Guaiçara terá nova eleição para prefeito

Lilian Grasiela
| Tempo de leitura: 2 min

Prefeitura de Guaiçara/Divulgação
Prefeito Vadinho teve a inelegibilidade confirmada pelo TSE

Guaiçara - Por unanimidade, o plenário do Tribunal Superior Eleitoral (TSE) confirmou, na manhã dessa quinta-feira (6), a inelegibilidade do atual prefeito de Guaiçara (110 quilômetros de Bauru), Osvaldo Afonso Costa (DEM), o "Vadinho". Com a decisão, que atinge também o registro de candidatura da vice-prefeita, Flávia Ramos Bittencourt Leão Cabral (PTB), o Tribunal Regional Eleitoral (TRE) irá convocar novas eleições assim que o acórdão do julgamento for publicado.

A chapa de Costa venceu as eleições municipais de 2016 com 5.645 votos, o que corresponde a 88,4% do eleitorado de Guaiçara. Ele teve seu pedido de registro impugnado antes do pleito, mas a Justiça Eleitoral de Lins deferiu sua candidatura, o que o tornou apto a participar das eleições.

Porém, em 5 de junho de 2018, o prefeito teve registro indeferido pelo TRE com base na Lei Complementar nº 135/2010 (Lei da Ficha Limpa) por rejeição de contas públicas em virtude de ato doloso de improbidade administrativa cometido durante o seu primeiro mandato de prefeito.
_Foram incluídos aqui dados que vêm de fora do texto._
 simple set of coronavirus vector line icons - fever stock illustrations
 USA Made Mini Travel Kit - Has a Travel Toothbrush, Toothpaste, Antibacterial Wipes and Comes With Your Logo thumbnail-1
Conforme determina o artigo 1º, inciso I, alínea "g" da "Lei da Ficha Limpa", ficam inelegíveis por oito anos e para qualquer cargo os que tiverem as suas contas relativas ao exercício de cargos ou funções públicas rejeitadas por irregularidade insanável que configure tal ato doloso.
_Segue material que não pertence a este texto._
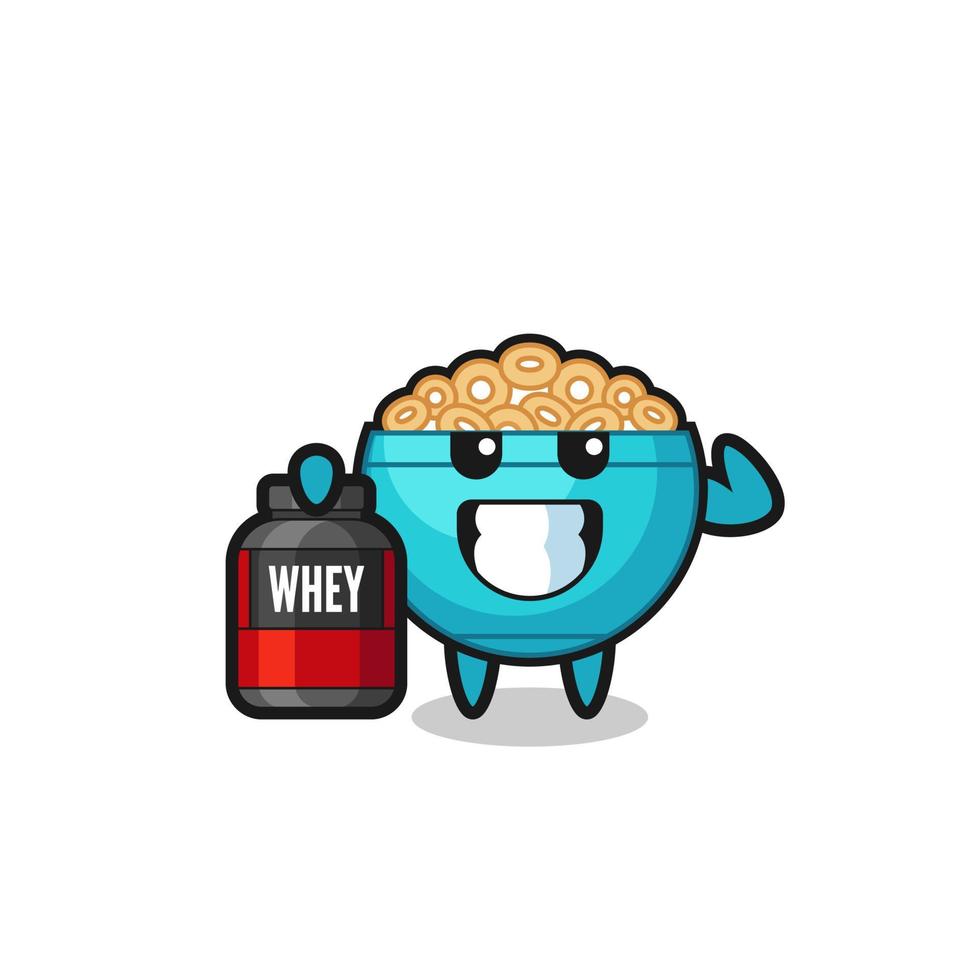 the muscular cereal bowl character is holding a protein supplement vector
O TRE concluiu que houve irregularidades em convênio celebrado para repasse de valores ao terceiro setor. As falhas, reconhecidas pelo Tribunal de Contas do Estado (TCE), revelaram violação à Lei nº 8.666/1993 (Lei de Licitações) e inobservância à obrigatoriedade do concurso público para contratação de servidores. Ontem, a decisão do TRE foi confirmada pelos ministros do TSE.

Relator

O voto que conduziu o julgamento no TSE foi do ministro Edson Fachin, relator do caso, que destacou que o processo no TCE transitou em julgado. Sobre ponto alegado pela defesa de que o julgamento das contas não seria de competência do TCE, e sim do Tribunal de Contas da União (TCU), o relator destacou que “para se concluir em sentido diverso e considerar o TCU como órgão competente para a fiscalização das contas, seria necessário a incursão em novas provas acostadas nos autos”, o que não seria possível com base na Súmula nº 24 do TSE.